EXERCISE AIM -
Only a number is expected: how many lines in these records mention the word "setting"?

Stored records:
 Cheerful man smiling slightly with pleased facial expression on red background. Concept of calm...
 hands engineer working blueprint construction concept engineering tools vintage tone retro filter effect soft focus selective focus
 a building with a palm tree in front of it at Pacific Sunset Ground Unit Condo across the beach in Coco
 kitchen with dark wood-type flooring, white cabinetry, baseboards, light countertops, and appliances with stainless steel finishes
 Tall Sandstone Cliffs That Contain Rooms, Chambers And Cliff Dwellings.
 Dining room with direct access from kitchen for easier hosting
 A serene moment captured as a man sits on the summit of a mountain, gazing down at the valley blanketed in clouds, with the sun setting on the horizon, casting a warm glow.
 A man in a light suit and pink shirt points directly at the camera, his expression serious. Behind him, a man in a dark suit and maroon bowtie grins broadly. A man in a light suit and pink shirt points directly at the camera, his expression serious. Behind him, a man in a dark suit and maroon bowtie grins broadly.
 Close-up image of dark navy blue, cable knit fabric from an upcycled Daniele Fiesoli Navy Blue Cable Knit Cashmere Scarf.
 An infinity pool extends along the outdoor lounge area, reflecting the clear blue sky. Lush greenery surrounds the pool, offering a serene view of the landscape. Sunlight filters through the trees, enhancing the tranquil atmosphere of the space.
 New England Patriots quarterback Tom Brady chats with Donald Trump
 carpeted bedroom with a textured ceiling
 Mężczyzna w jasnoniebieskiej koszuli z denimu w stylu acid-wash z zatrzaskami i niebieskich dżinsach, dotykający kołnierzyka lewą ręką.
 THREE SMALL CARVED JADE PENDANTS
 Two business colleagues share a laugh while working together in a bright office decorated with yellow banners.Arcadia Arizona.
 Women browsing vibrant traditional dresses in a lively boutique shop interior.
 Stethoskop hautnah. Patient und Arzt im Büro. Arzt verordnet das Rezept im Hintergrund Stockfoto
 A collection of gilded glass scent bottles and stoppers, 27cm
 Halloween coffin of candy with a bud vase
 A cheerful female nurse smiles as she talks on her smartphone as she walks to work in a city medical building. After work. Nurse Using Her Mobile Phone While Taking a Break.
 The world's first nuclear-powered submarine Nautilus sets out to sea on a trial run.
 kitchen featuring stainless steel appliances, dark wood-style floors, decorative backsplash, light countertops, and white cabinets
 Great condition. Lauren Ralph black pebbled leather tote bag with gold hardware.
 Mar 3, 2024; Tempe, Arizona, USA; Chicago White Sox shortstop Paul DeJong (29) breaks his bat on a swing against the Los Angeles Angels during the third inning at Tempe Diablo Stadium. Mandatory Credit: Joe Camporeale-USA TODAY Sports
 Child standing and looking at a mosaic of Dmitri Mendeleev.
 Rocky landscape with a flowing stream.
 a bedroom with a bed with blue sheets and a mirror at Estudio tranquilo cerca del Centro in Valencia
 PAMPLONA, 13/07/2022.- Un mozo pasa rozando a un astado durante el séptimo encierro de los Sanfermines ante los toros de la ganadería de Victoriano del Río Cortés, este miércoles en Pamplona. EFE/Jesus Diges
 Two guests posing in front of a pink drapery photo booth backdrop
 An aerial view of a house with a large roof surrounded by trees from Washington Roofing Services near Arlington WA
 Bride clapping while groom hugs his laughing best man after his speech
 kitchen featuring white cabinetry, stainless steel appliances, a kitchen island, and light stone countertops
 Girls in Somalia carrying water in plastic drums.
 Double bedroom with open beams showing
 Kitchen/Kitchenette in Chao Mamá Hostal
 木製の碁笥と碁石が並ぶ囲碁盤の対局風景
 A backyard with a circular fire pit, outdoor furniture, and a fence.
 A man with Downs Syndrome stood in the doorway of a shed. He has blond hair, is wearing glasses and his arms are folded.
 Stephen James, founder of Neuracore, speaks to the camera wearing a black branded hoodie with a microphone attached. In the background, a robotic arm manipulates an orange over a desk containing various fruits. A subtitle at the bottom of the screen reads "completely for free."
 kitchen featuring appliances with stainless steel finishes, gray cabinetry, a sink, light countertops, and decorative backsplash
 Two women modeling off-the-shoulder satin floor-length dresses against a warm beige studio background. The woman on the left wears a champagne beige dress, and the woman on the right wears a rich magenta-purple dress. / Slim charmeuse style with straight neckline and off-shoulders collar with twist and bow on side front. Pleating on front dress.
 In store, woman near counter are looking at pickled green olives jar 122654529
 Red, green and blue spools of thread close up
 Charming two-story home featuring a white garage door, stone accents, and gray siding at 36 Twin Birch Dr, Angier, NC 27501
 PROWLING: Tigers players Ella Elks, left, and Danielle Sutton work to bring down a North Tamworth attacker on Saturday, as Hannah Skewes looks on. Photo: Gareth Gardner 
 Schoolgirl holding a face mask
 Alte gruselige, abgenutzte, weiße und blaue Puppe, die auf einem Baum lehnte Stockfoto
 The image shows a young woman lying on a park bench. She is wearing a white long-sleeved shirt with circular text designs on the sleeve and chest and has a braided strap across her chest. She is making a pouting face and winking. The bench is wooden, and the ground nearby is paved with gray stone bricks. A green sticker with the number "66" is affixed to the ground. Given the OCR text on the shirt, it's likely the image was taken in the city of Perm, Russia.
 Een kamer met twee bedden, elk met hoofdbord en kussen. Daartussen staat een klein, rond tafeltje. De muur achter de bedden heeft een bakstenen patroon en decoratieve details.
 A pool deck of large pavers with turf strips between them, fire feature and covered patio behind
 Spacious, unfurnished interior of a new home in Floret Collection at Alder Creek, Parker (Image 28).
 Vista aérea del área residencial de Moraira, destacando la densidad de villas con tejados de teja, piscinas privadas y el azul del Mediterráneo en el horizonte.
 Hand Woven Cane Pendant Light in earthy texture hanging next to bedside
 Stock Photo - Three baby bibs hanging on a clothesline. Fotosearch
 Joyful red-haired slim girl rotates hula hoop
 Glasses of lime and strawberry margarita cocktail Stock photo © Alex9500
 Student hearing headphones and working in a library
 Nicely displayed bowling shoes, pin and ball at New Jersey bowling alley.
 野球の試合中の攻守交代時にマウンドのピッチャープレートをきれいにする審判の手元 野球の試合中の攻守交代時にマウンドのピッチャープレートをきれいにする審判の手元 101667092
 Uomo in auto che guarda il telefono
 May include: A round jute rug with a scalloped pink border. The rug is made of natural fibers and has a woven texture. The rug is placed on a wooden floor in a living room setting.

ANSWER SECTION -
2